In Eastern Europe and the former USSR it was the second and third tiers of apparatchiks who reaped the greatest benefits from the dismantling of state socialism. Their skills, training and expertise, as well as their connections allowed them to appropriate sizeable chunks of the former state assets. They then used this property to secure dominant positions in the new system and quickly re-modelled themselves as prominent businessmen or even "democratic politicians." The North Korean mid-level elite does not have access to such an attractive option. Once again such a scenario is rendered unlikely by the existence of South Korea with its highly developed economy, large pools of capital and managerial skills. If the collapse of Kim's regime spells an end to the independent North Korean state which is a very likely option, the local elite would stand no chance of competing with the South Korean companies and their representatives. Capitalism in post-Kim North Korea would be constructed not by former apparatchiks who some day declare themselves the born-again enemies of the evil Communism, but by resident managers of Samsung and LG. At best, the current elite might hope to gain some subaltern positions, but even this outcome is far from certain. Something analogous to the "lustration policy," the formal prohibitions of former Party cadres and security officials from occupying important positions in the bureaucracy of post-Communist regimes, is at least equally likely. Some ex-apparatchiks might even face persecution for their deeds under the Kims' rule. Facing such dangers, the lower strata of the ruling elite is showing no signs of dissent and prefers to loyally follow Kim Jong Il's entourage....

This does not mean that the regime will last forever. However, its transformation is unlikely to occur according to the "soft landing" scenario. If the elite resists change for too long an implosion will be unavoidable and if it initiates reform now, the result is likely to be the same or perhaps only marginally less dramatic.

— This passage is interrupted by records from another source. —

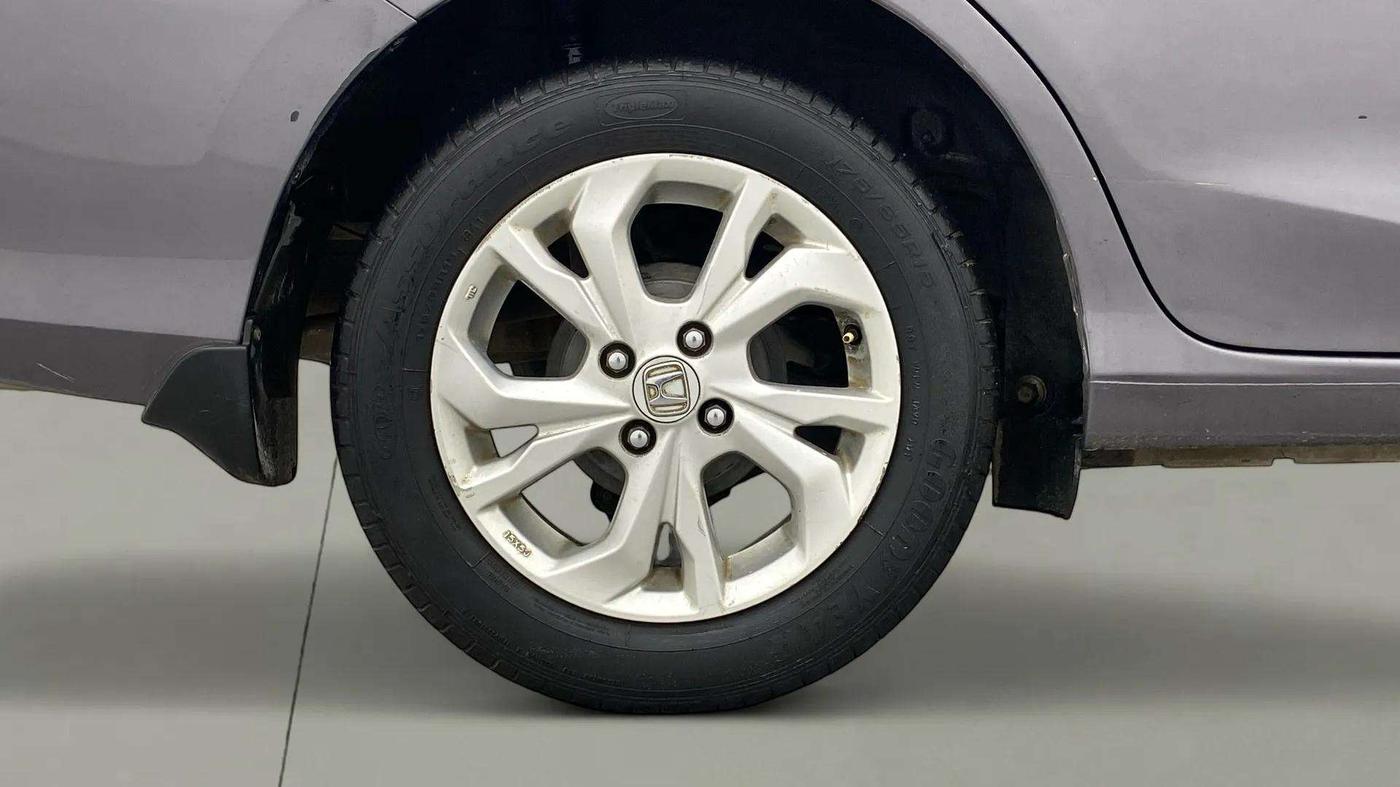 2020 Honda Amaze 1.2L I-VTEC VX CVT, Petrol, Automatic, 68,387 km, Right Rear Wheel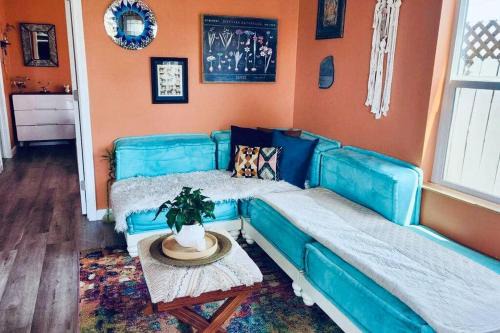 City Heights Casa | Charming Cottage with Hot Tub in Secret Garden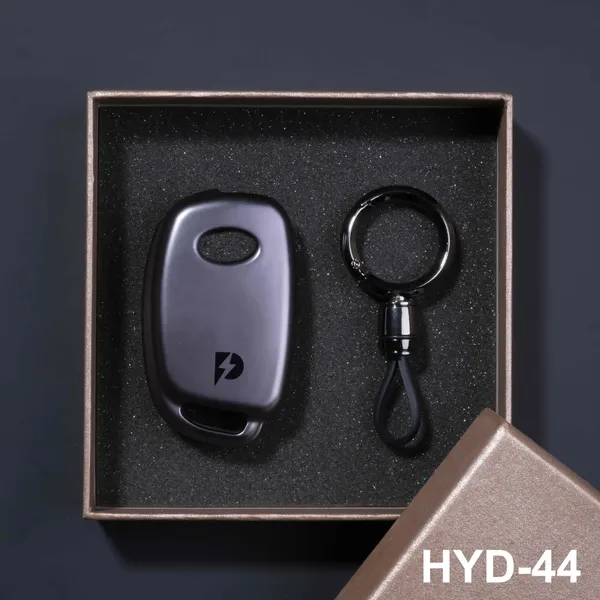 Premium_Tpu_Car_Key_Cover_And_Metal_Keychain(Gunmetal)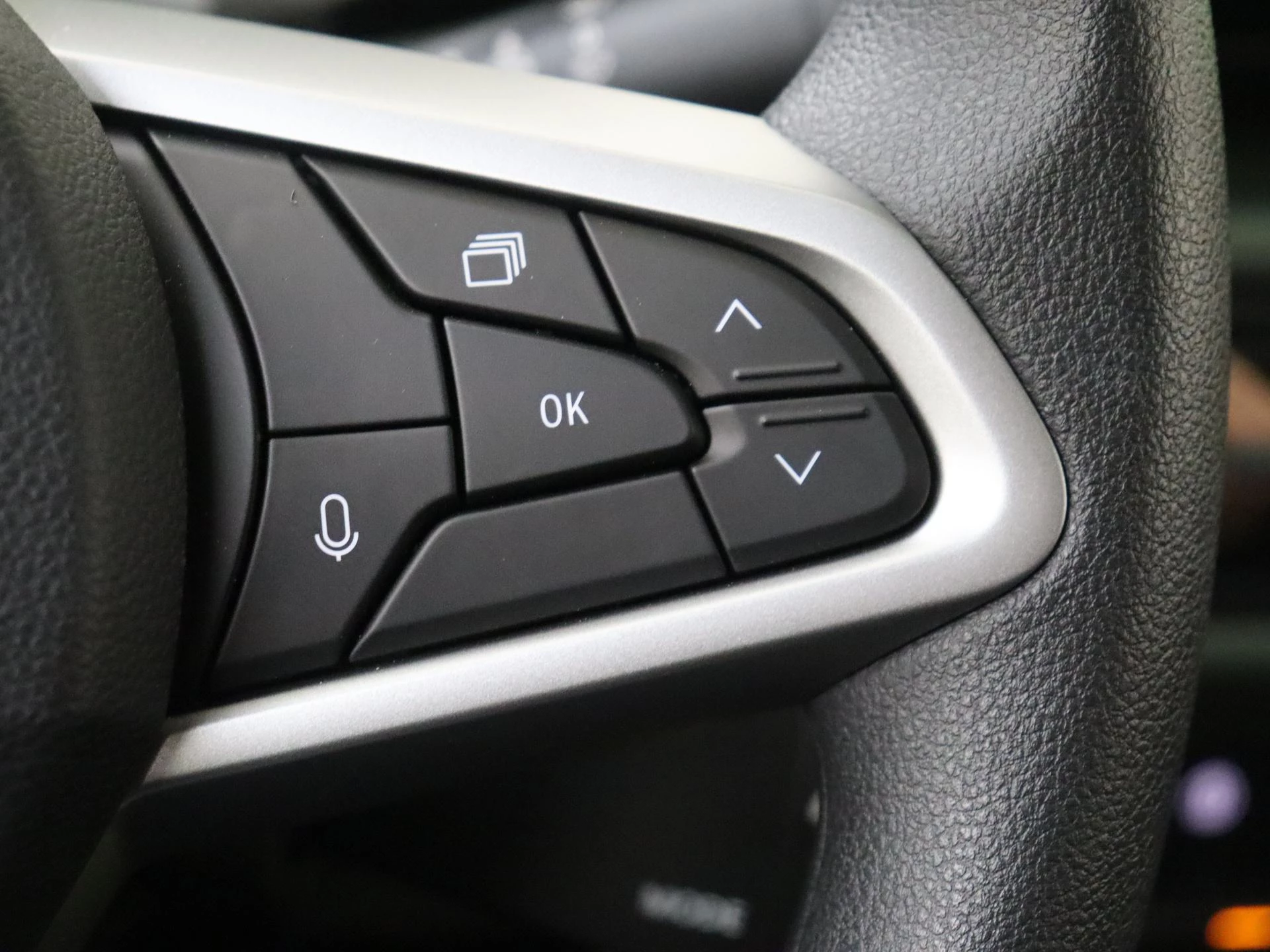 Dacia-Spring-image-13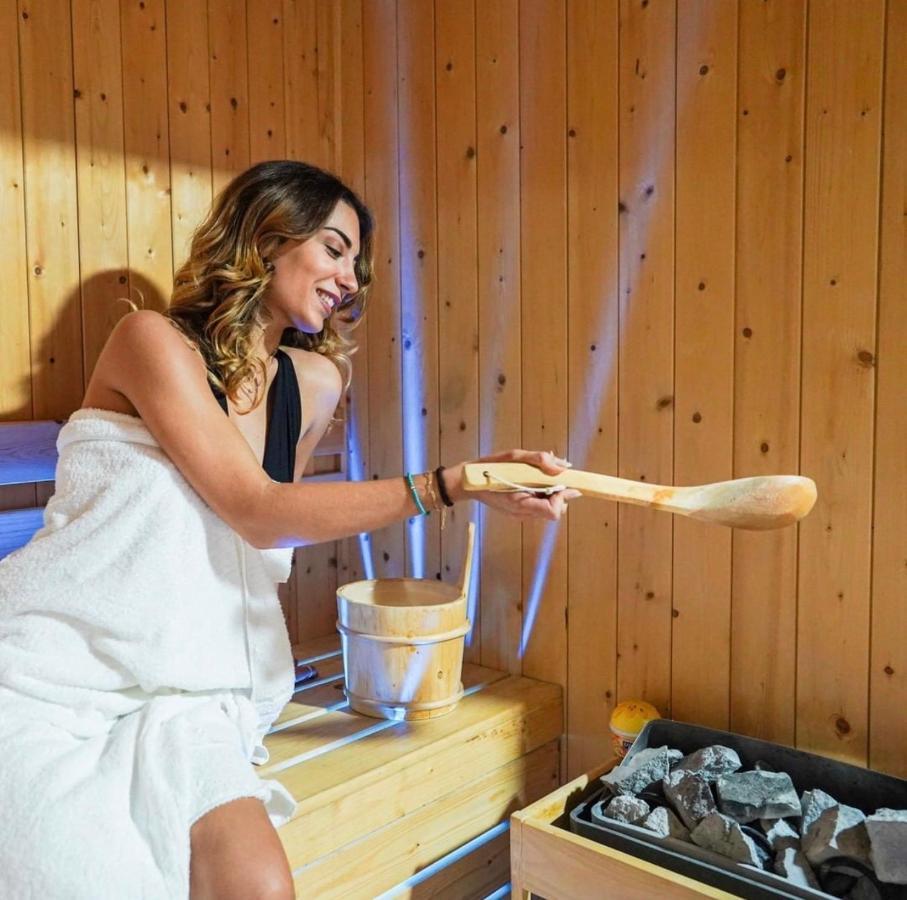 Umberto I° Suite & Spa Наполи Екстериор снимка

I suspect relations between the two Koreas after unification will soon evolve into a fierce antagonism between a North Korean colony offering little more than unskilled labor and raw materials, and a South Korean colonial occupation force that quickly loses patience with its helplessly dependent cousins. Fierce South Korean classism (and impatience) will soon overwhelm the abstract sympathies so many South Korean citizens now feel for their North Korean compatriots. North Korea will be like Yankee-occupied Mississippi during Reconstruction after the U.S. Civil War. Tough times for all, for at least a generation or two.